RFR(M): 8169373: Work around linux NPTL stack guard error.
Daniel D. Daugherty
daniel.daugherty at oracle.com
Mon Nov 21 16:37:09 UTC 2016
On 11/21/16 3:31 AM, Lindenmaier, Goetz wrote:
> Hi Coleen, David,
>
> the cleanups we were talking about are in this webrev, which I would like to
> apply on top of 8169373:
> http://cr.openjdk.java.net/~goetz/wr16/8169373-ppc-stackFix
There are four webrevs here:
webrev.01/ 2016-Nov-10 15:33:11 - Directory
webrev.02/ 2016-Nov-16 14:34:26 - Directory
webrev.cleanup/ 2016-Nov-21 10:11:36 - Directory
webrev.minStSz/ 2016-Nov-16 14:39:09 - Directory
and I'm not sure which I should be looking at... :-)
> The code is identical in all the os_cpu files.
> (Curently it's edited on top of the other change).
>
> I would understand if you don't like the other changes I propose
> For 9. But I still think this is just how you expect this to work, the
> minimum stack size is independent of page size and thus should
> be specified without considering the guard pages. And therefore
> it should go to 9 where we already changed a lot wrt. stack sizes.
>
> Coleen, would you mind pointing me to the bugs Dan and Ron are
> working on? I'd like to understand the possible conflicts.
The fix for 8140520 was not done for Win* because we (Ron and I)

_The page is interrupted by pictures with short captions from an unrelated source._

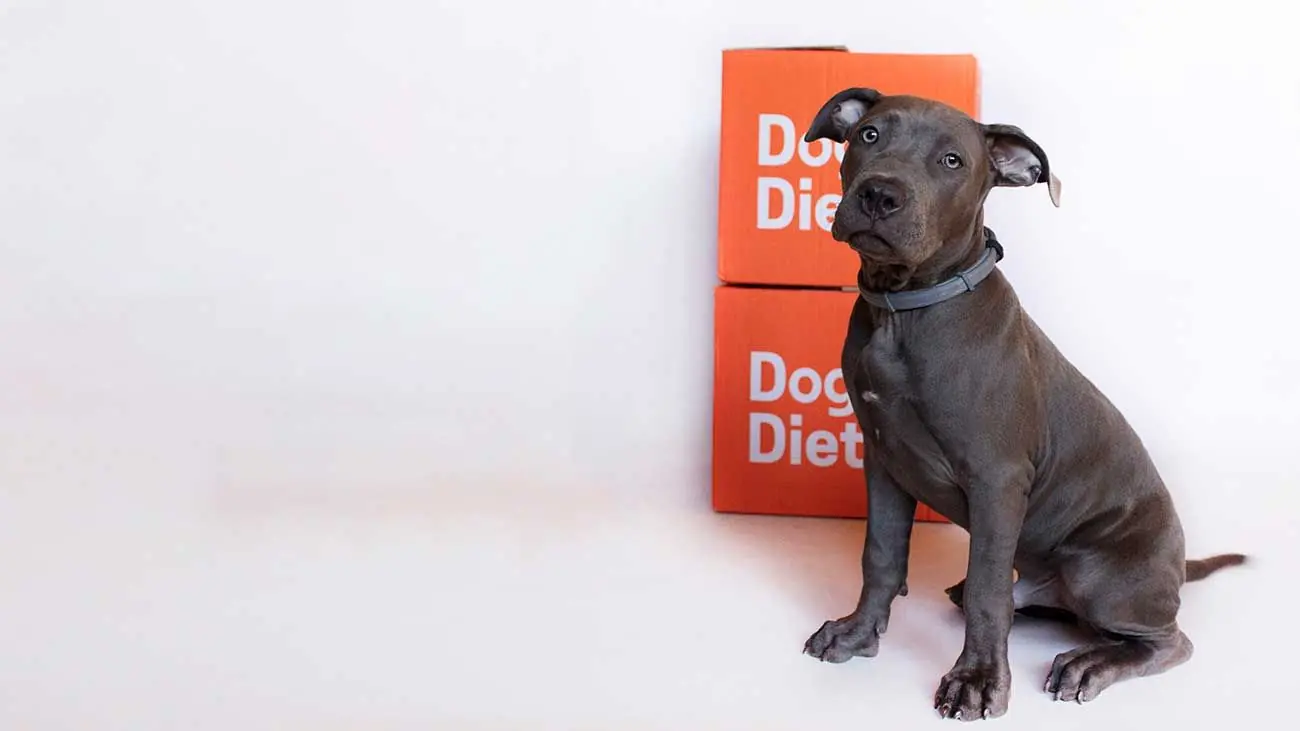 Quelle est la meilleure alimentation pour mon chiot ?
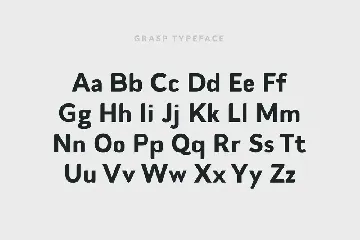 Grasp Typeface font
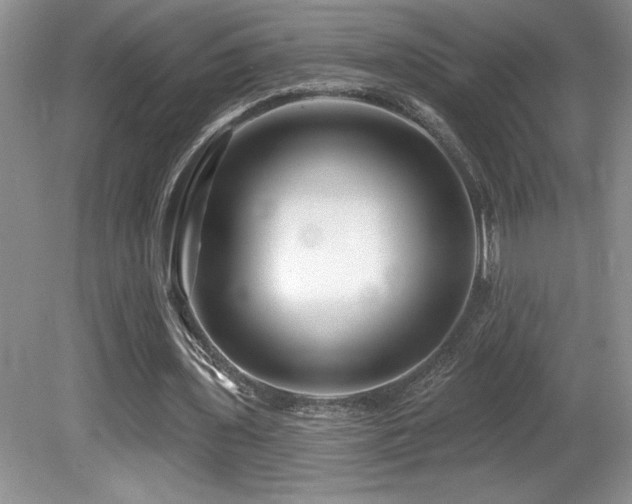 X0000081620435200701151435
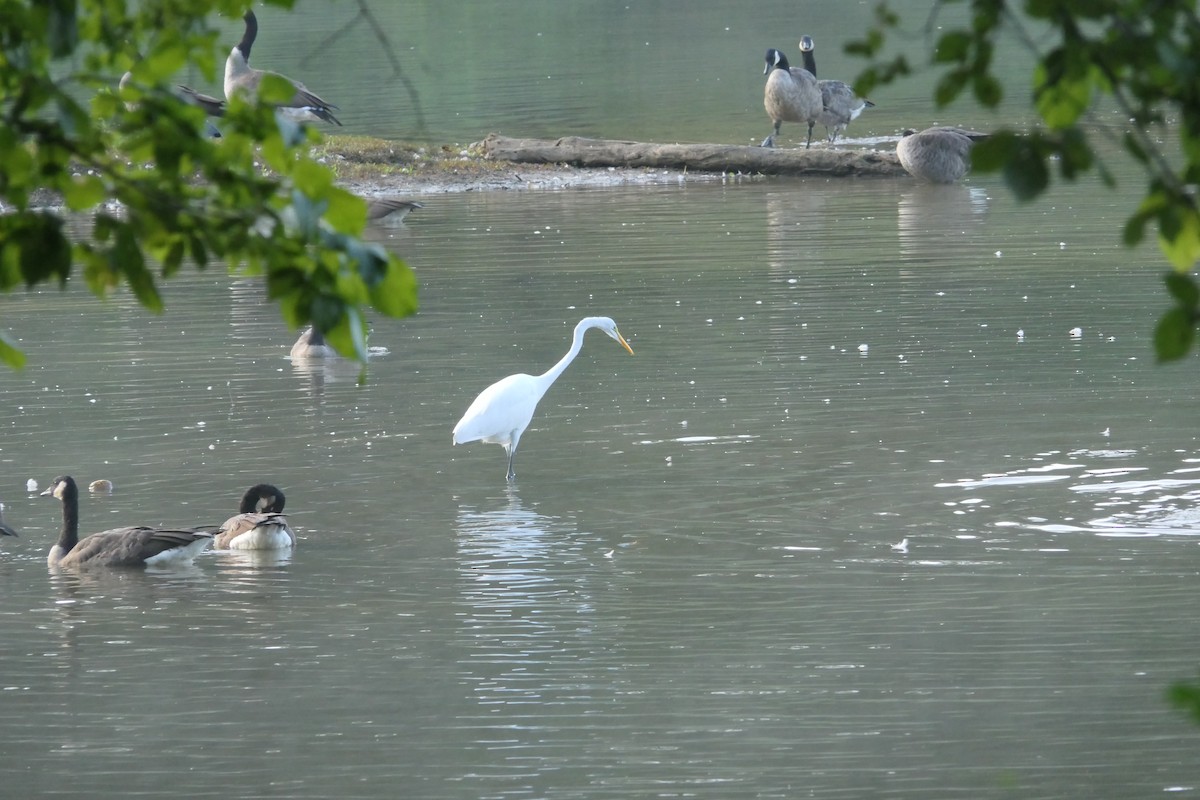 Great Egret - ML364923611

could not get reliable stack size behavior out of Win* like we
got for the *NIX platforms. I don't remember if I've filed the
follow up bugs for 8140520, but, in any case, I'm not working
on thread stack size issues at the moment.
Dan
>
> Best regards,
> Goetz.
>
>> -----Original Message-----
>> From: hotspot-runtime-dev [mailto:hotspot-runtime-dev-
>> bounces at openjdk.java.net] On Behalf Of David Holmes
>> Sent: Sonntag, 20. November 2016 02:21
>> To: Coleen Phillimore <coleen.phillimore at oracle.com>; hotspot-runtime-
>> dev at openjdk.java.net
>> Subject: Re: RFR(M): 8169373: Work around linux NPTL stack guard error.
>>
>> On 19/11/2016 12:40 AM, Coleen Phillimore wrote:
>>>
>>> On 11/18/16 1:34 AM, David Holmes wrote:
>>>> Hi Goetz,
>>>>
>>>> On 17/11/2016 1:52 AM, Lindenmaier, Goetz wrote:
>>>>> Hi,
>>>>>
>>>>> I addressed the additional topics, but in an extra change.
>>>>>
>>>>> First, I rounded up the NPTL bug workaround:
>>>>> http://cr.openjdk.java.net/~goetz/wr16/8169373-ppc-
>> stackFix/webrev.02
>>>>> I fixed os::Posix::describe_pthread_attr() and current_stack_region()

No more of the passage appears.